§ TASK INSTRUCTIONS
Starting at the line with "a visual icon." and going on through the line with "HERMES Round Zipper", reproduce each line in the records below exactly and nothing more.

Records from a dataset
=======
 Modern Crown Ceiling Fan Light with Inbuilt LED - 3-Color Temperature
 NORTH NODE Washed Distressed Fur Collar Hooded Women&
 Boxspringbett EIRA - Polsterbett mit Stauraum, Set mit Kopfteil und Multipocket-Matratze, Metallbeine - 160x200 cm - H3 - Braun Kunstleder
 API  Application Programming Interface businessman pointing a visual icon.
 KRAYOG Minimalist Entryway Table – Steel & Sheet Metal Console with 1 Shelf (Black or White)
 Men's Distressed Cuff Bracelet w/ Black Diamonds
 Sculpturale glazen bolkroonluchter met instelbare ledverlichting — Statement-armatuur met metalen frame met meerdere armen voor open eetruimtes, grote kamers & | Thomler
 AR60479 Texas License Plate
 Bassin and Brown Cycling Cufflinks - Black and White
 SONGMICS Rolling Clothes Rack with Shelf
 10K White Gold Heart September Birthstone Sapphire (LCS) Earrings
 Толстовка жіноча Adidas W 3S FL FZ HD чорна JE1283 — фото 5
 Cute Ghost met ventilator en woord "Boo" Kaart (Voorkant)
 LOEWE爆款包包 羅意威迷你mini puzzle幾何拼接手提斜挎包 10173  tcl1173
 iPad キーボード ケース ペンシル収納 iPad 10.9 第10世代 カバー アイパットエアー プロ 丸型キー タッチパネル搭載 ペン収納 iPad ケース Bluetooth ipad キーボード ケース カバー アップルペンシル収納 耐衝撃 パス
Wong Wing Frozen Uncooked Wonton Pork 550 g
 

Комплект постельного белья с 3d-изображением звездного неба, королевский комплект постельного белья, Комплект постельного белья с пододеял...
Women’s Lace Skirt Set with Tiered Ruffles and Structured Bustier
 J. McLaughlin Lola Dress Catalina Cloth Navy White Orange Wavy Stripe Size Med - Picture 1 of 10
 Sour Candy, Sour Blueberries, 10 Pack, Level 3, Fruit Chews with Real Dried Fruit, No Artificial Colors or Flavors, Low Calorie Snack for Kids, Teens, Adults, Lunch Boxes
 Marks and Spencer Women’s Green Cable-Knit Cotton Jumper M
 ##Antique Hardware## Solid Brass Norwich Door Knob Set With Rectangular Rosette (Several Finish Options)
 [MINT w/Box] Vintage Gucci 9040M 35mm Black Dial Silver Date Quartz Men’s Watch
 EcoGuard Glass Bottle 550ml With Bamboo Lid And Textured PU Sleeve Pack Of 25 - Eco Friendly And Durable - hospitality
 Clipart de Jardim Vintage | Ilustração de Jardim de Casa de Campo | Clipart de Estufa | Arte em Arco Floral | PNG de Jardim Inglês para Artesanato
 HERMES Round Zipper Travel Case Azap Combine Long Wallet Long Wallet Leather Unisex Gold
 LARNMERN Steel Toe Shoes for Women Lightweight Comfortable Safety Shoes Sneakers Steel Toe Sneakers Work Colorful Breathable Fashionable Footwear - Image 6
=======
§ SOLUTION TO THIS EXERCISE
 API  Application Programming Interface businessman pointing a visual icon.
 KRAYOG Minimalist Entryway Table – Steel & Sheet Metal Console with 1 Shelf (Black or White)
 Men's Distressed Cuff Bracelet w/ Black Diamonds
 Sculpturale glazen bolkroonluchter met instelbare ledverlichting — Statement-armatuur met metalen frame met meerdere armen voor open eetruimtes, grote kamers & | Thomler
 AR60479 Texas License Plate
 Bassin and Brown Cycling Cufflinks - Black and White
 SONGMICS Rolling Clothes Rack with Shelf
 10K White Gold Heart September Birthstone Sapphire (LCS) Earrings
 Толстовка жіноча Adidas W 3S FL FZ HD чорна JE1283 — фото 5
 Cute Ghost met ventilator en woord "Boo" Kaart (Voorkant)
 LOEWE爆款包包 羅意威迷你mini puzzle幾何拼接手提斜挎包 10173  tcl1173
 iPad キーボード ケース ペンシル収納 iPad 10.9 第10世代 カバー アイパットエアー プロ 丸型キー タッチパネル搭載 ペン収納 iPad ケース Bluetooth ipad キーボード ケース カバー アップルペンシル収納 耐衝撃 パス
Wong Wing Frozen Uncooked Wonton Pork 550 g
 

Комплект постельного белья с 3d-изображением звездного неба, королевский комплект постельного белья, Комплект постельного белья с пододеял...
Women’s Lace Skirt Set with Tiered Ruffles and Structured Bustier
 J. McLaughlin Lola Dress Catalina Cloth Navy White Orange Wavy Stripe Size Med - Picture 1 of 10
 Sour Candy, Sour Blueberries, 10 Pack, Level 3, Fruit Chews with Real Dried Fruit, No Artificial Colors or Flavors, Low Calorie Snack for Kids, Teens, Adults, Lunch Boxes
 Marks and Spencer Women’s Green Cable-Knit Cotton Jumper M
 ##Antique Hardware## Solid Brass Norwich Door Knob Set With Rectangular Rosette (Several Finish Options)
 [MINT w/Box] Vintage Gucci 9040M 35mm Black Dial Silver Date Quartz Men’s Watch
 EcoGuard Glass Bottle 550ml With Bamboo Lid And Textured PU Sleeve Pack Of 25 - Eco Friendly And Durable - hospitality
 Clipart de Jardim Vintage | Ilustração de Jardim de Casa de Campo | Clipart de Estufa | Arte em Arco Floral | PNG de Jardim Inglês para Artesanato
 HERMES Round Zipper Travel Case Azap Combine Long Wallet Long Wallet Leather Unisex Gold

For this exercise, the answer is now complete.